I swear that there are times when they look at us as if we’ve been dropped from the mother ship just to annoy them during critical moments of “American Idol.”

I know this because, a few nights ago, my wife was looking at me the way women do when (in exasperation) they’re thinking: “Lord, what is that man up to now?”

Such from my beloved. Such from the woman who’s lived with me for 36 years. The woman who bears my last name and bore my children.

This time that look was over something I could’ve explained to another male in about five words.

“Darn. Lost my sharpening stone.”

“Yeah. Hate it when that happens. Want me to pause the movie?”

“Nah. Just call me when Dirty Harry has the guy down on the football field.”

“Right.”

“Always loved that scene.”

“Bring tears to my eyes too.”

With women, though, there’s no such understanding.

“Larry, what are you looking for?”

“My sharpening stone.”

“Why are you looking for your sharpening stone?”

“So that I can sharpen my hunting knife. Where’d you hide it?”

“Me? Hide it? Are you perhaps referring to the only rational adult in this house who’d have absolutely no use for a sharpening stone?”

I do so hate it when she uses that tone. It reeks of thinly veiled sarcasm. It alludes to her unstated belief that, whenever it was that I arrived at the fountain of knowledge, it’s pretty obvious to her that I only gargled.

“Well, someone’s moved it.”

“No one’s touched it since you last used it.

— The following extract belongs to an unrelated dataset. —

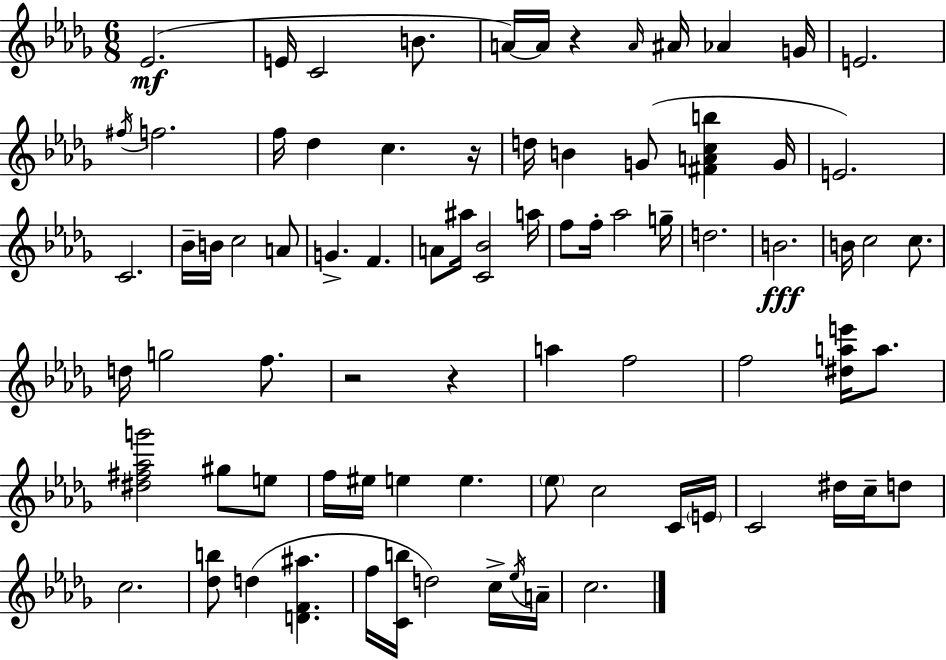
Eb4/h. E4/s C4/h B4/e. A4/s A4/s R/q A4/s A#4/s Ab4/q G4/s E4/h. F#5/s F5/h. F5/s Db5/q C5/q. R/s D5/s B4/q G4/e [F#4,A4,C5,B5]/q G4/s E4/h. C4/h. Bb4/s B4/s C5/h A4/e G4/q. F4/q. A4/e A#5/s [C4,Bb4]/h A5/s F5/e F5/s Ab5/h G5/s D5/h. B4/h. B4/s C5/h C5/e. D5/s G5/h F5/e. R/h R/q A5/q F5/h F5/h [D#5,A5,E6]/s A5/e. [D#5,F#5,Ab5,G6]/h G#5/e E5/e F5/s EIS5/s E5/q E5/q. Eb5/e C5/h C4/s E4/s C4/h D#5/s C5/s D5/e C5/h. [Db5,B5]/e D5/q [D4,F4,A#5]/q. F5/s [C4,B5]/s D5/h C5/s Eb5/s A4/s C5/h.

Where’d you put it when you finished with it?”

“I put it where I could find it.”

“And that would be where?”

Have I mentioned that tone?

“I’m not sure.”

“Larry, it’s after 10. Why do you need to sharpen your knife tonight?”

“Because I want to get it ready for deer season, that’s why.”

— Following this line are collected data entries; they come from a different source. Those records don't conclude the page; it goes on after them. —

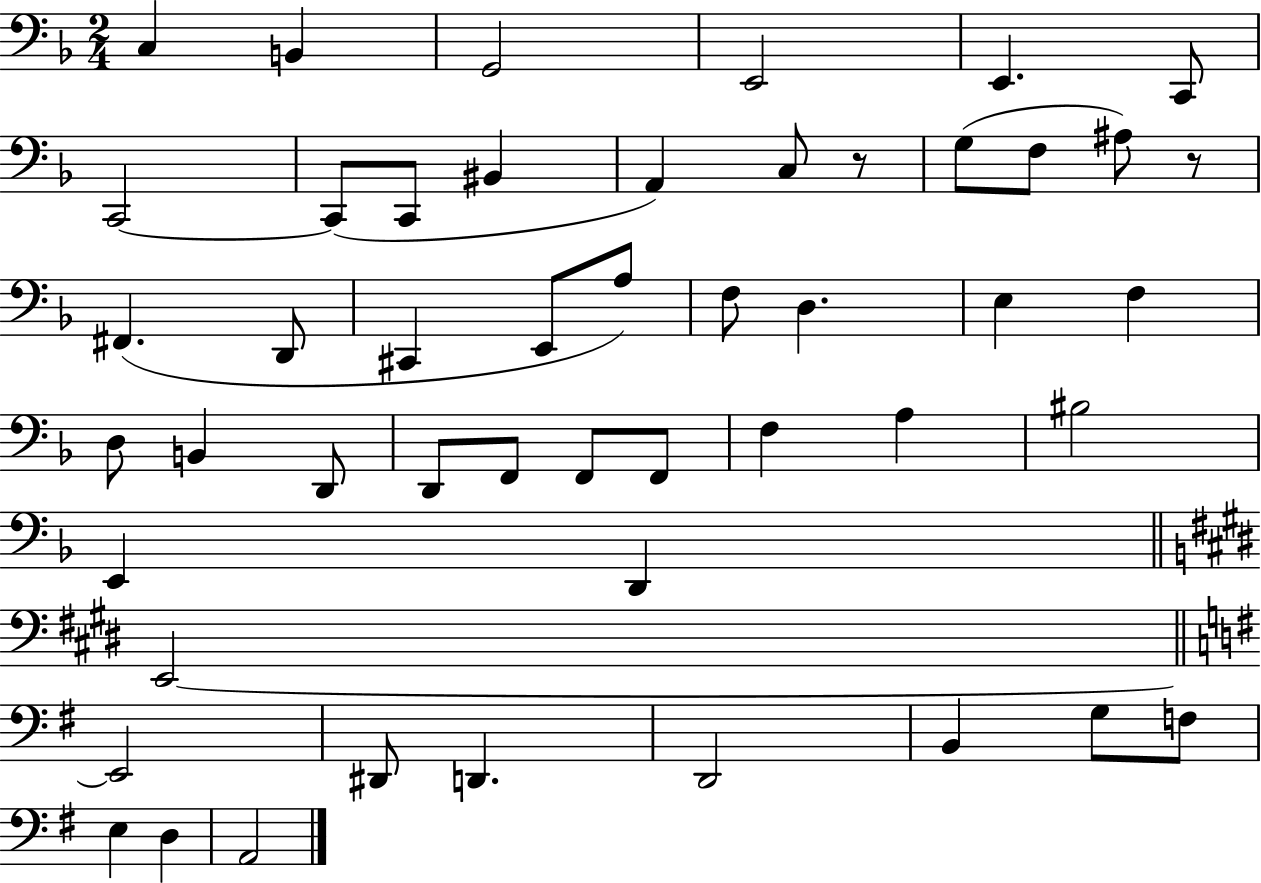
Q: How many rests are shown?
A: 2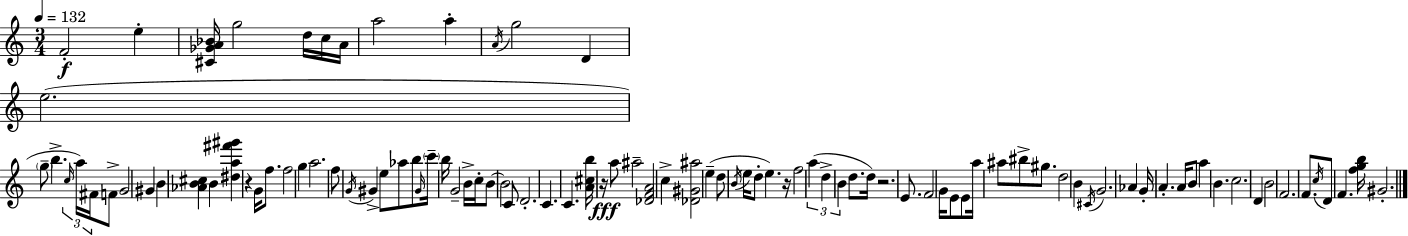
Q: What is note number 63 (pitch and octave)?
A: G4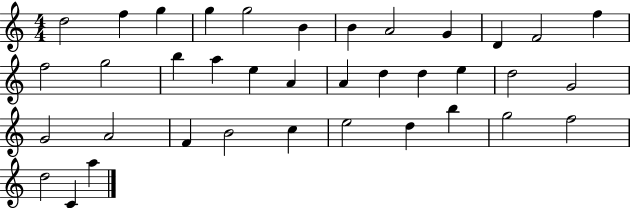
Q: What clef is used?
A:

“If I remember correctly, deer season doesn’t start until mid-October.”

“And your point is?”

“My point is, why are you tearing up the house on a Saturday night in April looking for a sharpening stone to sharpen a knife you won’t need for at least six months?”

Women. Whenever they don’t want to help you look for something you need, they bring large quantities of unwanted, uncalled for, and completely unnecessary logic to bear.

“And, furthermore, why are you obsessing over doing something that’ll take, at best, 10 minutes to do and could just as well be done the night before you leave?”

To this question, I gave the standard male response which, to this day, has never been understood by the female of the species.

“Because I need to.”

“Right. You need to. Now there’s a really good answer. I swear, when you get like this, I wonder why I didn’t marry Jimmy Schmidt.”

“I guess that means you’re not going to help me find it.”

“No, I’m not. What I’m going to do is go to bed. Tomorrow, I’ll go down to the sporting goods store, talk to the nice person behind the counter and tell him that I’m married to a loon who needs to sharpen his hunting knife at 10 p.m. on a Saturday night six months before hunting season. Then I’ll buy you another stone. That way we’ll keep the household sane.”

“I don’t want another stone. I want my stone.”

“You still don’t get it. As soon as I buy you a new one, the old one will turn up. Then there’ll be two. I’ll let you keep the new one and I’ll put the old one away in a place where normal people would put such things – like with your hunting gear – so that I won’t have to go through all of this again.”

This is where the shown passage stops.